*Exercise goal*
Retype, exactly as written, every line from the one containing "Charming home exterior" through the last line of the records below, both included; skip the pictures.

*Information supplied*
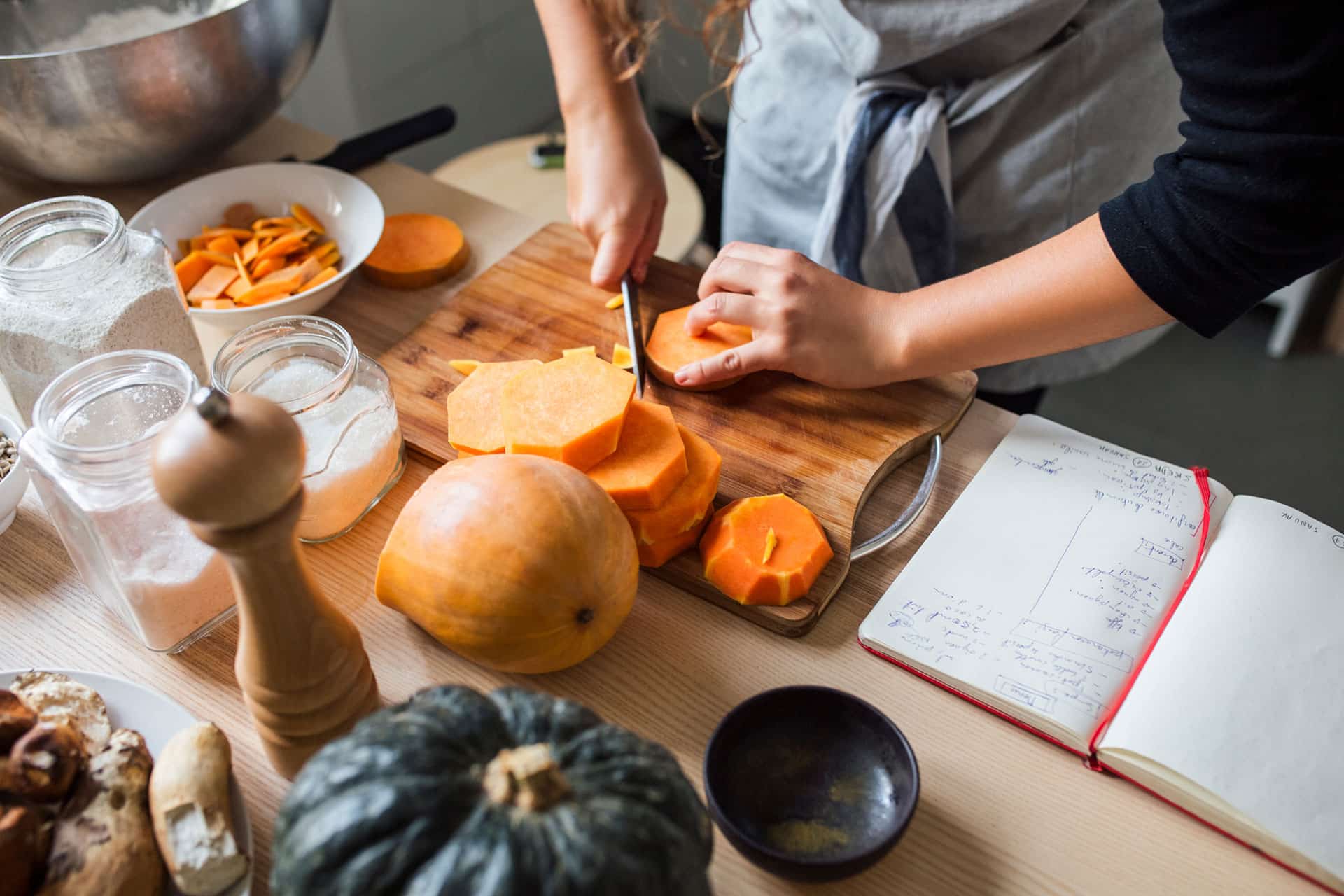 Cutting up butternut squash in the kitchen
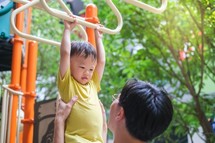 Asian dad and son on playground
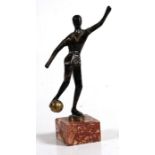 An Art Deco style patinated bronze figure of a footballer, mounted on a rouge marble plinth,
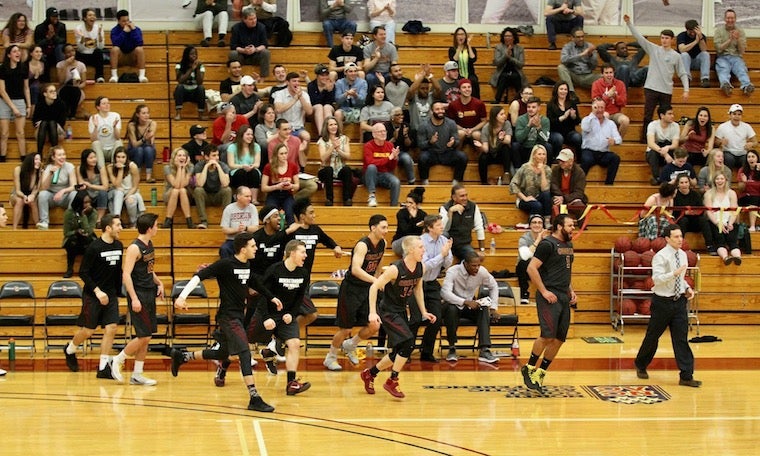 Players on the sideline cheer and run toward the basket at the end of the game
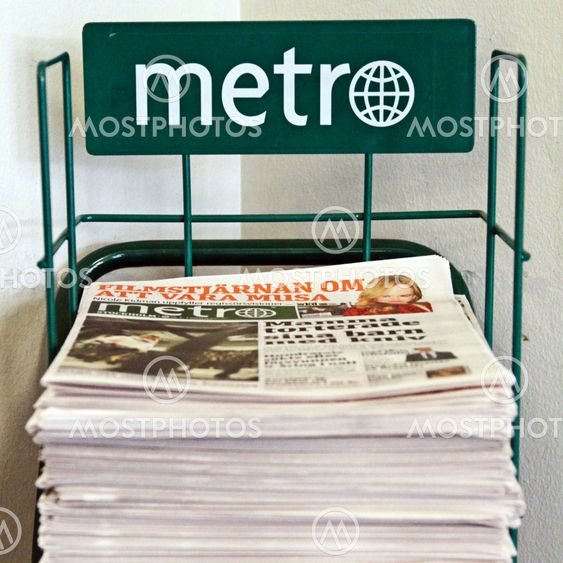 En hög med gratis dagstidningar "Metro", staplade i en grön ställning, vägg bakom.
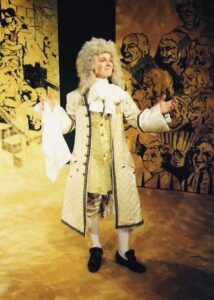The author playing a fop in a restoration comedy big wig, long cream jacket, black heels, long white hanky against a yellow background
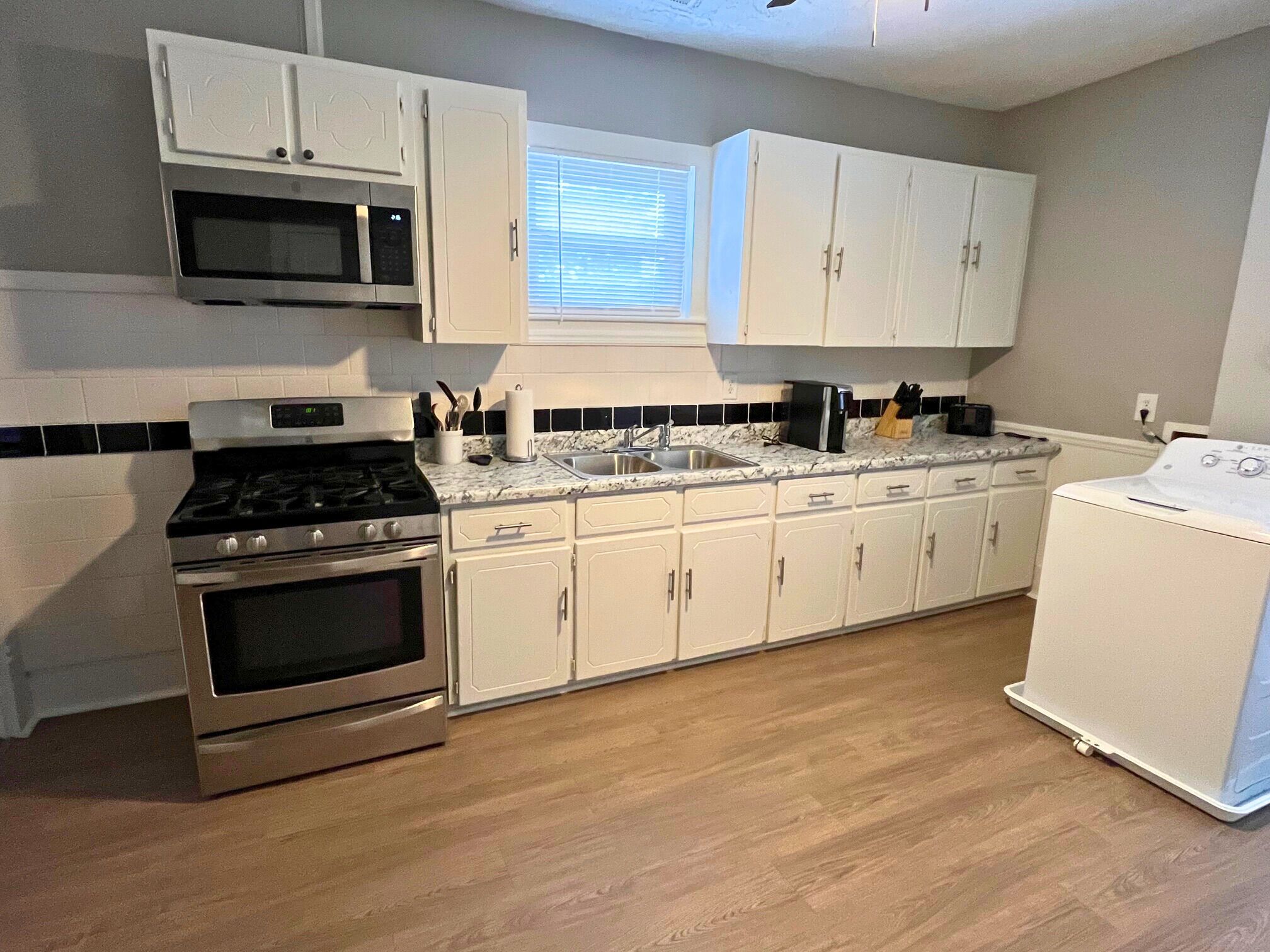 A kitchen with white cabinets, a stove, a microwave, a sink, and a washing machine.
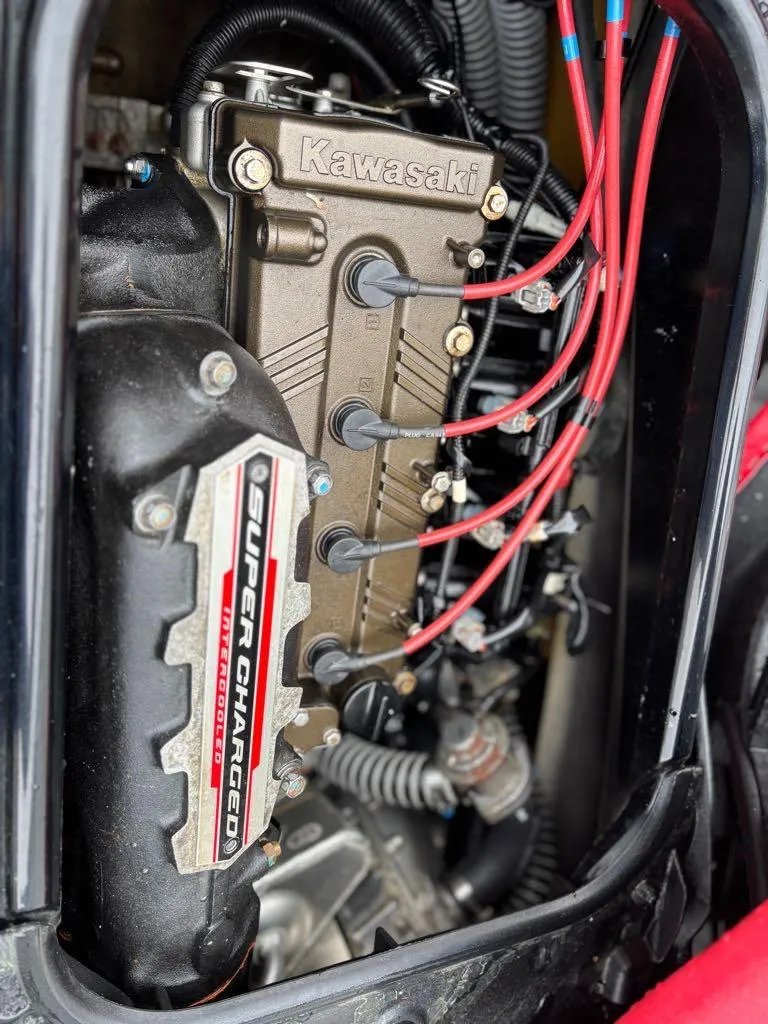 Slide: The Image of 2014 Kawasaki Jet Ski Ultra 310X engine with supercharged components and red ignition wires. - 4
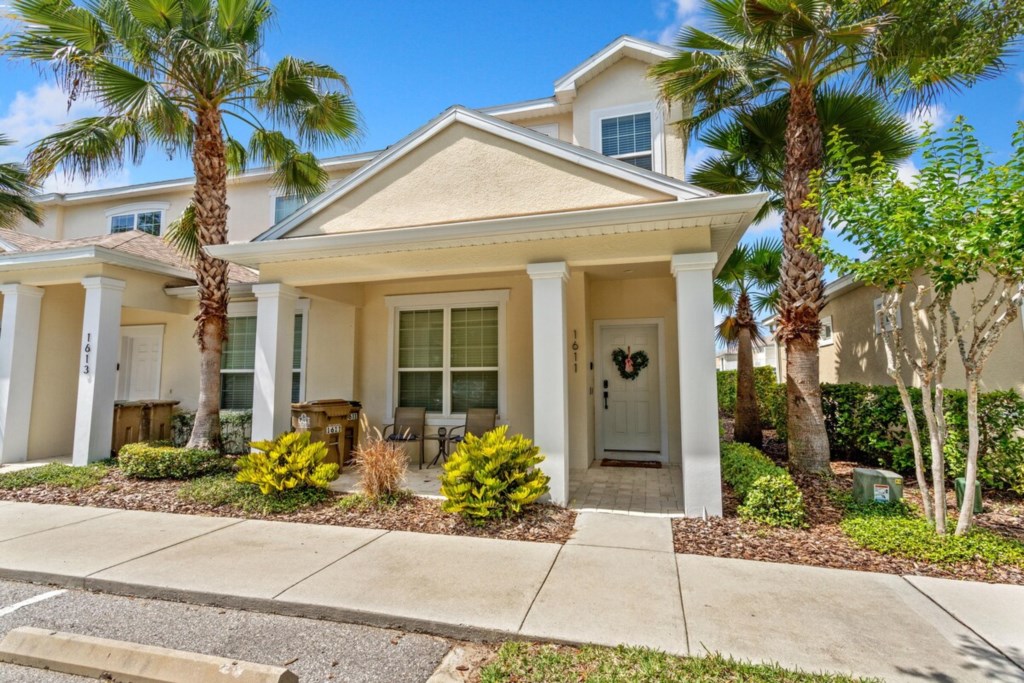Charming home exterior with palm trees, welcoming you to your stay.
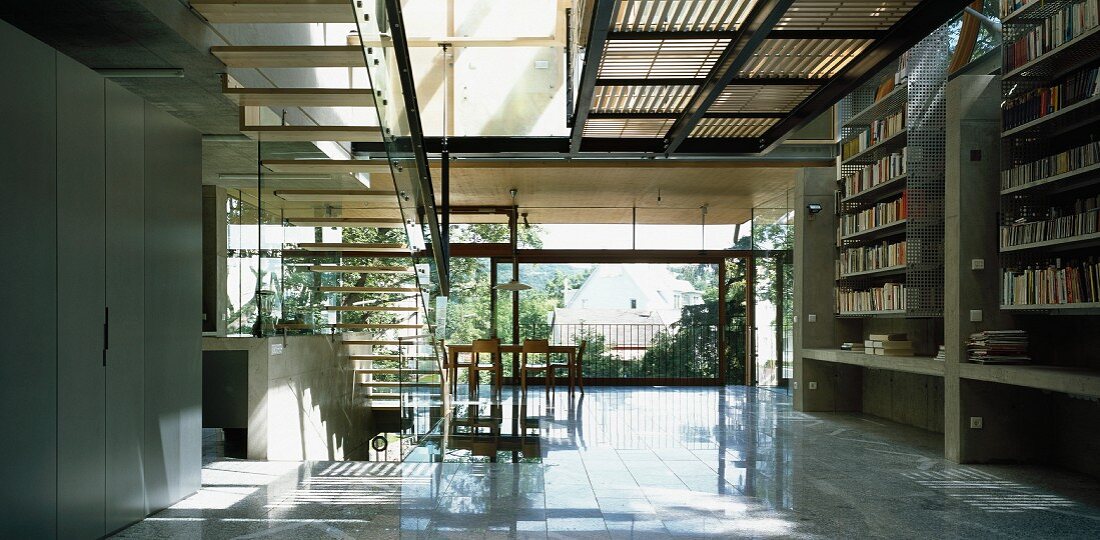 Contemporary solar house building - airy staircase to gallery with sun from above and dining area in front of wide glass wall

*Exercise answer*
Charming home exterior with palm trees, welcoming you to your stay.
 Contemporary solar house building - airy staircase to gallery with sun from above and dining area in front of wide glass wall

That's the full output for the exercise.